If you need to install both updates, I suggest you install the local account audit fix first, then the domain account audit fix. Run Qchain (qchain.exe.) to ensure you only get the most recent version of the common files, and then reboot. This method is the fastest way to eliminate file version conflicts and to guarantee that you've correctly installed both patches. Why can't Microsoft release one security audit update that contains the files we need for both of these problems so we can skip the arduous update process? For more information about this problem, see the article "Removing a User from a Domain Local Group May Not Be Audited".
NTFS Blue Screen
The Windows 2000 Post-Service Pack 2 (SP2) file system driver has a bug that might cause ntfs.sys to crash with a stop code of 0x00000003. The blue screen occurs when the file system driver attempts to release the same resource twice. You can get the new version of ntfs.sys from Microsoft Product Support Services (PSS). The update has a file release date of November 30, 2001. See the Microsoft article "You Receive a 'Stop 0x000000E3' Error Message in Windows 2000".
Cleaning Up After a Bad Print Driver
When a system has a bad print driver, you might see several different error messages when you try to print a file or document, including
- Spoolsv.exe has generated errors and will be closed by Windows.
- Printer operation cannot continue due to lack of resources.
- Subsystem unavailable.
To recover from this error, you need to delete the printer, delete the print-driver file, and clean up printing subsystem registry entries. To delete the printer, open the printer window, right-click the nonfunctional printer, and select Delete. Then, if the bad print driver is on a print server, you delete the print driver as follows:
Select the File menu item in the Printers window, then select Server Properties. Click the Drivers tab, and remove the bad driver.
To eliminate any references to the bad driver, you need to clean up three sets of printer-specific registry entries.
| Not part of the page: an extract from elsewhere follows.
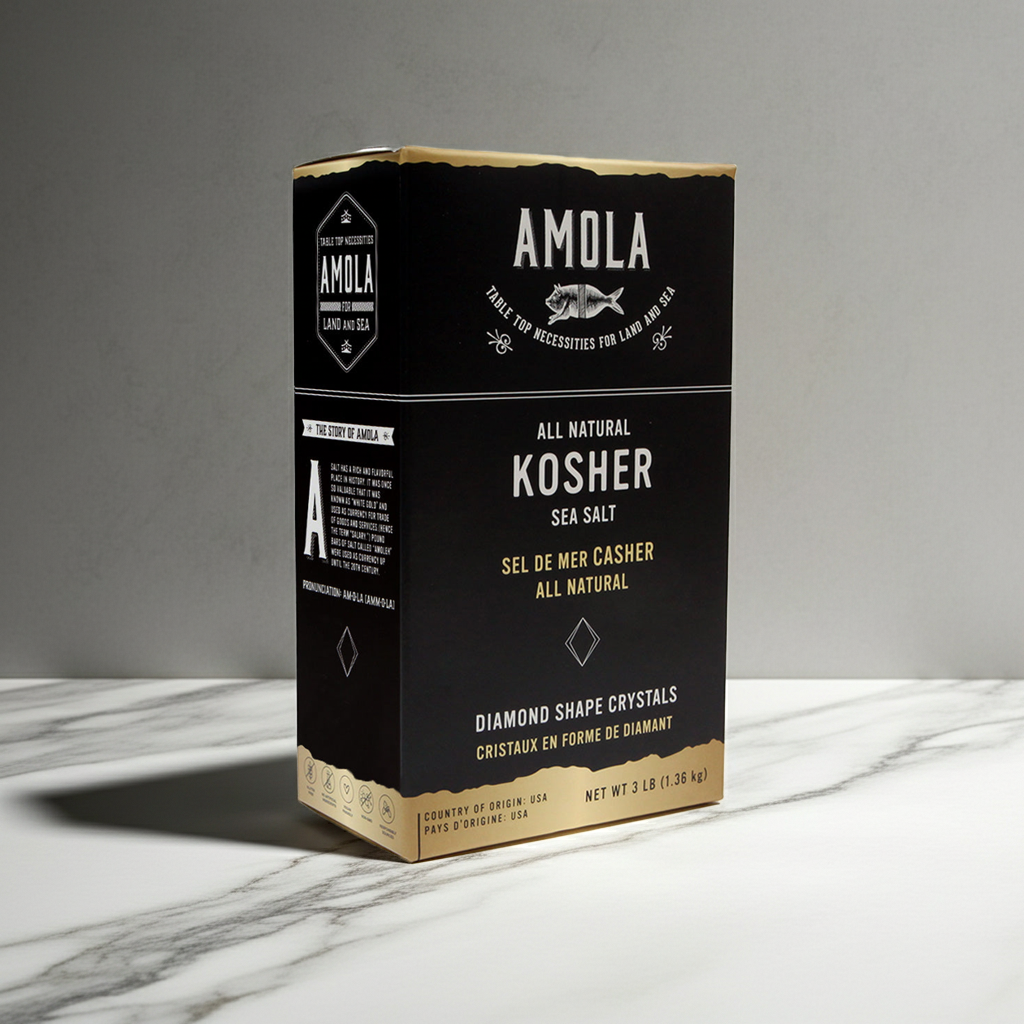 Amola Kosher Sea Salt - All Natural, 1.36kg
Locate the following keys, and delete all data in and below (but not including) the version subkeys.
- HKEY_LOCAL_MACHINE\SYSTEM\CurrentControlSetControl\Print\Environments\Windows NT x86\Drivers\Version-2
- HKEY_LOCAL_MACHINE\SYSTEM\CurrentControlSet\Control\Print\Environments\Windows NT x86\Drivers\Version-3
- HKEY_LOCAL_MACHINE\SYSTEM\ControlSet001\Control\Print\Environments\Windows NT x86\Drivers\Version-2
- HKEY_LOCAL_MACHINE\SYSTEM\ControlSet001\Control\Print\Environments\Windows NT x86\Drivers\Version-3
Next, remove all references to nonstandard Windows print monitors in the Print\Monitor registry keys. This means you must delete all value entries and subkeys that don't contain AppleTalk Printing Devices (when Services for Macintosh is installed), BJ Language Monitor, Local Port, PJL Language Monitor, Standard TCP/IP Port, USB Monitor, and Windows NT Fax Monitor (when a fax modem is installed).
- HKEY_LOCAL_MACHINE\SYSTEM\CurrentControlSet\Control\Print\Monitors
- HKEY_LOCAL_MACHINE\SYSTEM\ControlSet001\Control\Print\Monitors
Last, delete any registry date in the following two registry keys and reboot the system. When the system restarts, you can safely configure and install the problem printer with a good printer driver.
- HKEY_LOCAL_MACHINE\SYSTEM\CurrentControlSet\Control\Print\Printers
- HKEY_LOCAL_MACHINE\SYSTEM\ControlSet001\Control\Print\Printers
For more details about this tedious procedure, see the Microsoft article "Error Message: Spoolsv.exe Has Generated Errors and Will Be Closed by Windows".